I can't say what I did but, a few days ago, I was tinkering with my workstation. I noticed that I was no longer getting any listings for upgrading of ports using pkg or portmaster, which I get every day. So I did a `pkg info` which didn't show anything. Neither does `portmaster -l`. 

I then look at /var/db/pkg/local.sqlite and see the last date is July 10th. In /var/backups the last date is July 9th. So, for some reason, it looks to me as if pkg and portmaster have lost their way and I don't know how to fix it. I did try `pkg backup -r pkg.sql.xz` but it only gave me a very small local.sqlite which didn't solve the p;roblem. The current sqlite file size is 360K.


----------



## Phishfry (Jul 15, 2018)

This seems to be a similar error with some good debugging commands.
https://forums.freebsd.org/threads/pkg-database-error.64361/


----------



## drhowarddrfine (Jul 15, 2018)

I had done most of that for checking the db. The difference is, I have tables listed under `.tables` so it appears the database contains stuff but pkg and portmaster doesn't use make the connection.


----------



## obsigna (Jul 15, 2018)

You said your /var/db/pkg/local.sqlite is still of significant size. If this is the case, then you could extract a list of the origins of all installed ports and feed this list into ports-mgmt/portmaster for re-installation.

`sqlite3 -list /var/db/pkg/local.sqlite 'SELECT origin FROM packages;' > reinstall_list.txt`

In case the generated list by the above command contains garbage, you could repeat this with the backup files. You said already, that the latest doesn't seem to work so you need to go down the backup history until one of it gives a good list of installed ports.

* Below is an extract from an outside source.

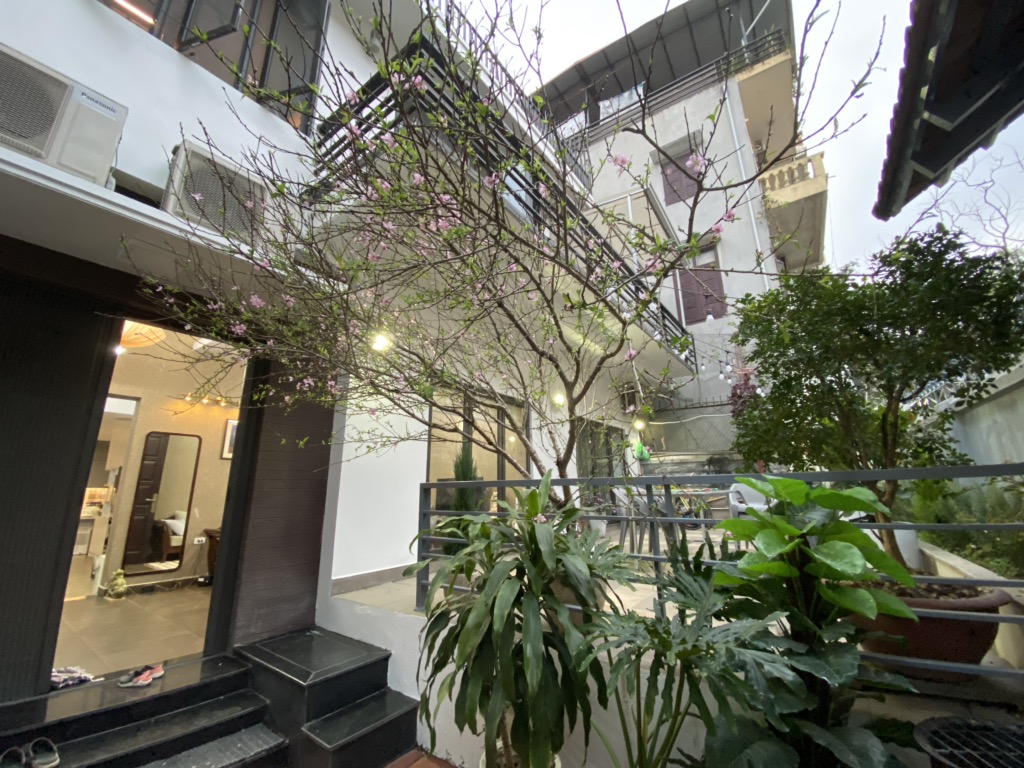 Bán nhà Tạ Quang Bửu - diện tích 30,7m2 2 tầng - Ô lùi tận cửa - giá 13,5 tỷ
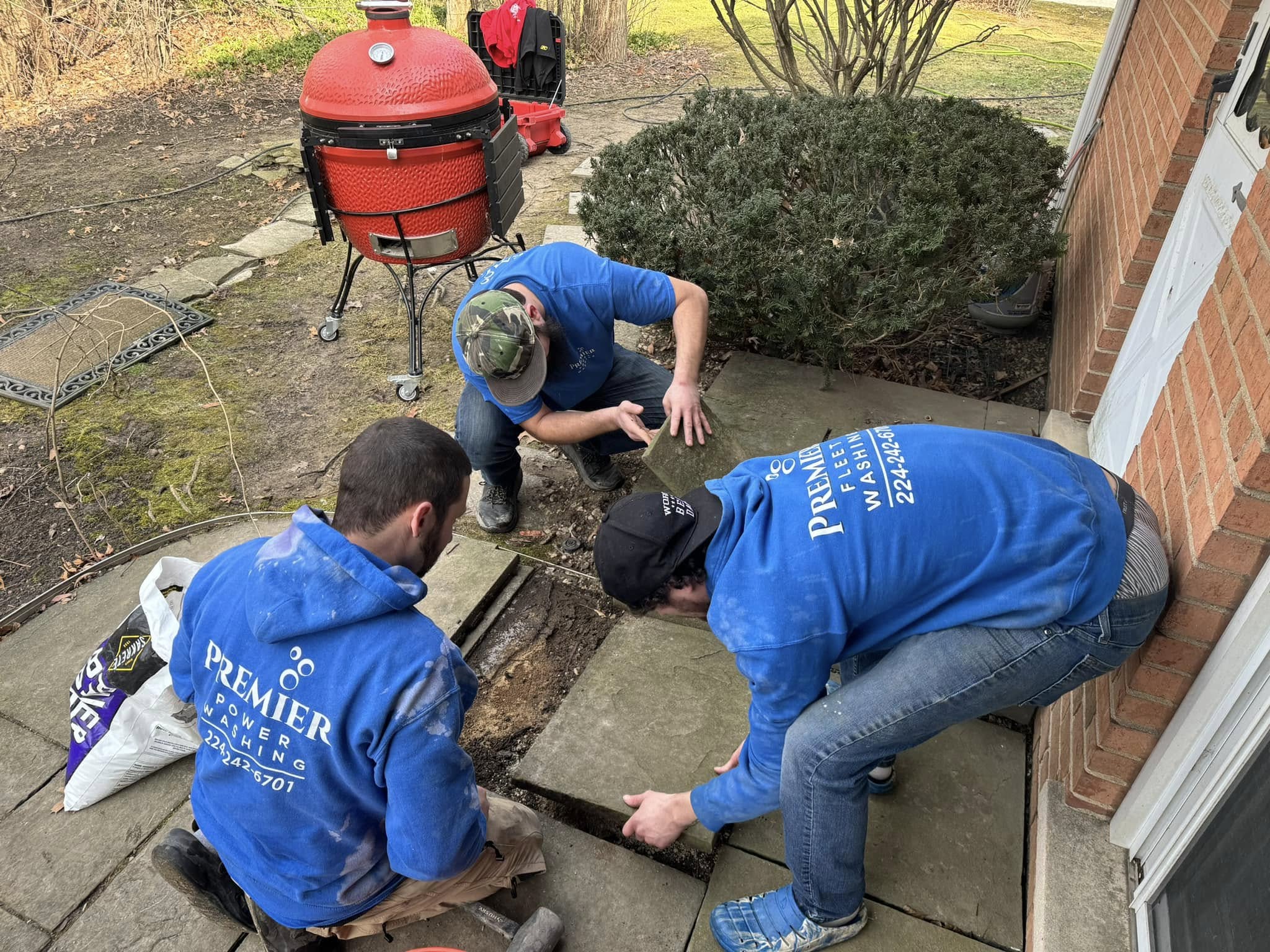 Paver leveling during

You could recover the names (origins) of most if not of all of the installed ports using the following command sequence:
`xz -cdk /var/backups/pkg.sql.xz.N > pkg-backup.N.sql`
`cat pkg-backup.N.sql | sqlite3 pkg-backup.N.sqlite`
`sqlite3 -list pkg-backup.N.sqlite 'SELECT origin FROM packages;' > reinstall_list.N.txt`

N is meant to be the index of the history files, i.e. 1 to 7, and you want to iterate through it until you get a usable list of installed ports.


----------



## drhowarddrfine (Jul 15, 2018)

I got nothing using the first attempt (zero file length). I'll try the others in a few hours.


----------